With global travel restrictions being gradually lifted, the skies will soon return to being the busy hub of activity they once were. Or will they?

In order to meet net-zero targets, the way people travel by air is likely to change over the coming decades. It's estimated that flying contributes around 2% of the world's global carbon emissions, according to the International Air Transport Association (IATA).

How can we cut this down?

The United Kingdom Petroleum Industry Association (UKPIA) recently published ‘The Future of Mobility in the UK’. The report identifies important issues, challenges and possible solutions to how the UK can help its biggest carbon emitting sector – transport - meet net-zero targets by 2050.

The report found that aviation is the most challenging mode of transport to decarbonise, with few alternatives ready to step in as a replacement to kerosene-type fuel. 

The report also states that lower carbon travel options will likely become more popular, as services such as high-speed rail become faster and improve capacity. 

Flying will still be a main form of travel, however one alternative to the traditional jet fuel is hydrogen.

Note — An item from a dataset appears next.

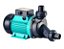BOMBA HIDROMASSAGEM LSPA 1300 1,5CV 220V - Imagem 2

UKPIA predicts that the growth of hydrogen for short-haul flights will depend on the implementation of hydrogen refuelling infrastructure at UK and European airports.

Different fuelling methods are already being rolled out, with the first long-haul flight powered by biofuels taking to the skies last month. The Air France-KLM flight from Paris to Montreal used a mix of petroleum-based jet fuel and a synthetic aviation fuel made from used cooking oils produced by French oil major Total. Importantly, no modifications to the storage and distribution infrastructure, aircraft or engines were needed to be able to use the biofuel.

Overall, the UKPIA report found that to meet net-zero targets, there needs to be a combined effort from all in pursuing all technology options with low carbon fuels, and hydrogen (both blue and green), playing important roles across the UK’s methods of transport.